The difference in physical properties is dramatic. Ethanol boils at 78°C, while dimethyl ether boils at -25°C, a gap of over 100 degrees. Ethanol melts at -117°C compared to -138°C for dimethyl ether. These numbers reflect how much harder it is to pull ethanol molecules apart from each other. Hydrogen bonds are significantly stronger than the dipole-dipole forces in dimethyl ether, so ethanol requires far more energy to vaporize.
The heat of vaporization tells the same story from a different angle. Dimethyl ether requires only about 21.5 kJ/mol of energy to transition from liquid to gas. Ethanol needs roughly 38.6 kJ/mol, nearly double. That extra energy goes toward breaking all those hydrogen bonds that dimethyl ether simply doesn’t have.
It Can Accept Hydrogen Bonds From Other Molecules
Here’s where it gets a little more nuanced. While dimethyl ether can’t donate a hydrogen bond (it has no O-H, N-H, or F-H bond to offer), it can accept one. The oxygen atom still has two lone pairs of electrons, which can interact with a hydrogen that is bonded to an electronegative atom on a different molecule. When you mix dimethyl ether with water, for example, water’s O-H hydrogens can form hydrogen bonds with dimethyl ether’s oxygen.

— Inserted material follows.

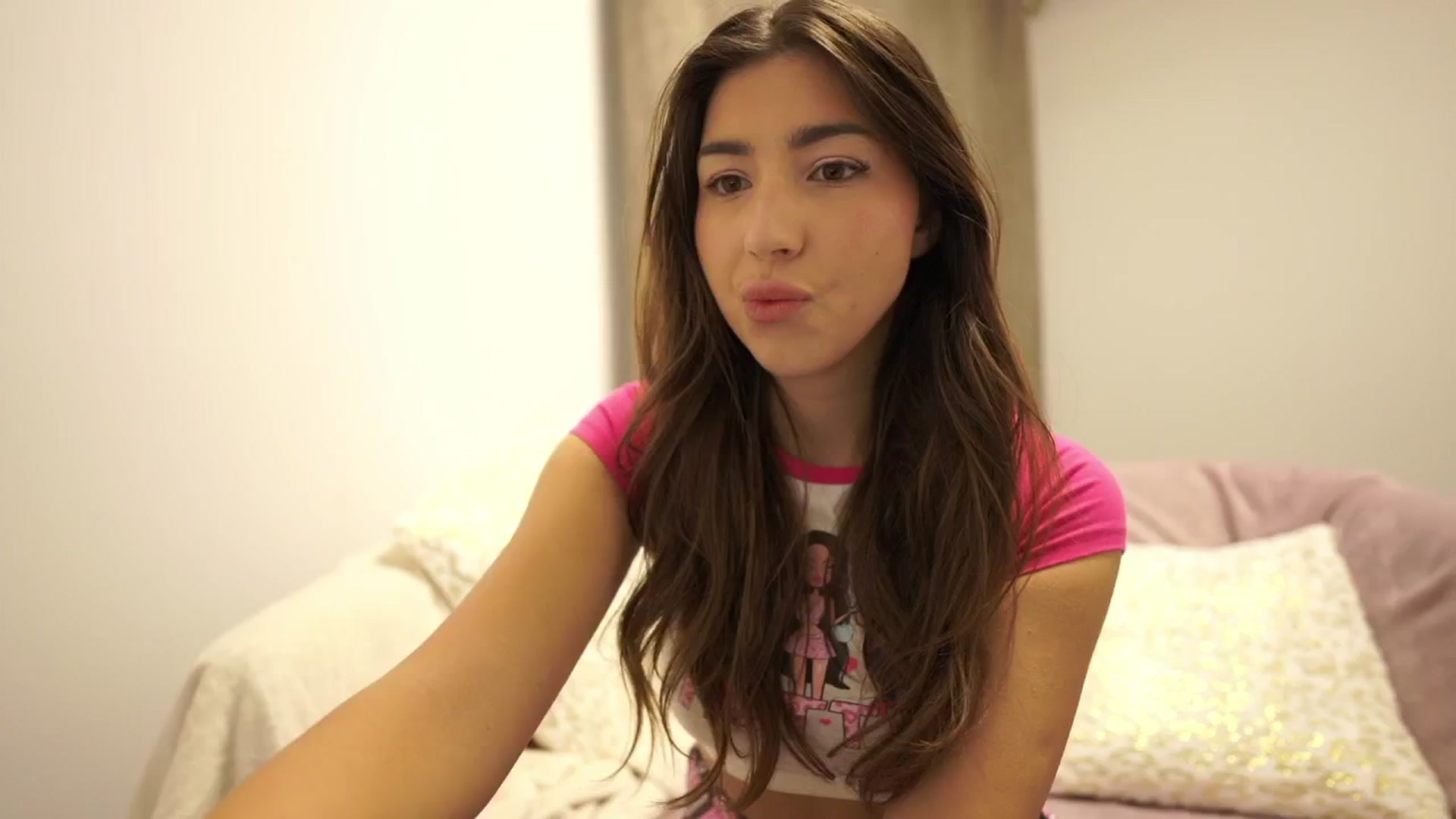 Gallery image thumbnail from JESSICAA's myfreecams stream on, 01/07/2025, 21:54 image 7 of 20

This is why dimethyl ether is reasonably soluble in water. The oxygen acts as a hydrogen bond acceptor, allowing water molecules to latch onto it. So the accurate statement is that dimethyl ether cannot hydrogen bond with itself, but it can participate in hydrogen bonding as an acceptor when paired with a hydrogen bond donor like water or an alcohol.
What Forces Hold Dimethyl Ether Together
In its pure liquid form, dimethyl ether is held together by two types of intermolecular forces. The stronger of the two is dipole-dipole attraction. Because the molecule is bent rather than symmetrical, the electron-rich oxygen creates a partial negative charge on one side while the carbon and hydrogen ends carry partial positive charges. Neighboring molecules orient themselves so that opposite charges face each other, creating an attractive pull.
The second force is London dispersion, the weak, temporary attraction that arises when electron clouds briefly shift and create fleeting charge imbalances. Every molecule experiences London dispersion forces, and for small molecules like dimethyl ether, they contribute a meaningful share of the total intermolecular attraction. Together, these two forces are enough to keep dimethyl ether liquid below -25°C, but they’re far weaker than the hydrogen bonding network found in ethanol or water, which is why dimethyl ether is a gas at room temperature.